GERALDO AFFONSO
“Amigo é coisa pra se guardar do lado esquerdo do peito, dentro do coração”, como diz a linda canção, um dos grandes sucessos de Milton Nascimento. E, de fato, eu tenho alguns amigos que guardo de acordo com o dito musical, mesmo que nossos contatos sejam tênues e dos mais esporádicos, pois amigo não se esquece. Um desses amigos é o Guido de Souza Rocha, artista plástico de renome, conhecido por seus Cristos esculturais, inclusive um famoso que guarnece a sede da ONU em Genebra, na Suíça. São os Cristos torturados, inconformados e que lutam para sair da cruz. Cristos bem parecidos com a figura esquálida do meu amigo.
Nossa amizade vem de longe, dos tempos adolescentes de minhas temporadas belorizontinas, tempos azuis da mocidade descompromissada. Num segundo momento, dos tempos duros da ditadura militar, em que meu amigo, perseguido, procurou e encontrou abrigo em nossa velha amizade.
Veio-me o desejo de escrever sobre esse meu amigo ao tomar conhecimento da morte de Pinochet, sem dúvida, o ditador daqueles tristes tempos que, por ser o mais sanguinário e execrável, por paradoxal que pareça, prestou um grande serviço à democracia. Esse serviço pode ser definido como o horror que a grande maioria do povo das Américas passou e ter pelas ditaduras militares. O desaparecimento de mais de 3000 pessoas, as torturas, os assassinatos dos principais opositores, a chamada Operação Condor e outras mazelas dos tempos da ditadura de Pinochet, além da recente descoberta do assalto ao erário público, com o desvio de milhões de dólares para contas no exterior, desmoralizaram completamente a figura do velho militar. O argumento de que nos tempos da ditadura chilena houve um grande desenvolvimento econômico não sensibiliza quase ninguém, pois o preço que se pagou nem de longe compensa o trauma de se viver sem liberdade. A Alemanha de Hitler também teve o seu milagre econômico.
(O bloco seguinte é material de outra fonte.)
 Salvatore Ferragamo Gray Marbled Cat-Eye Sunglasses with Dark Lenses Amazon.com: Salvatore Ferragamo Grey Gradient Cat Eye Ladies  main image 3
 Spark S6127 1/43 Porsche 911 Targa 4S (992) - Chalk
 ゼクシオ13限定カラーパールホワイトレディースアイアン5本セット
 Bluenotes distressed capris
Mas o que tem a haver o meu amigo Guido de Souza Rocha com Pinochet, estarão perguntando os leitores. Quase nada, a não ser que na época da implantação da ditadura chilena, meu amigo estava vivendo como exilado em Santiago e foi um dos milhares de prisioneiros confinados no Estádio Nacional, por ordem de Pinochet. Após ser libertado, graças a intervenção da Cruz Vermelha, Guido viveu na Europa durante muitos anos, onde firmou sua reputação como artista plástico. Com a anistia, retornou ao Brasil, vivendo hoje em Belo Horizonte, cercado pelo respeito e admiração de seus alunos da Escola de Belas Artes e de seus amigos, entre os quais, este modesto escriba que há muito o colocou no lado esquerdo do peito.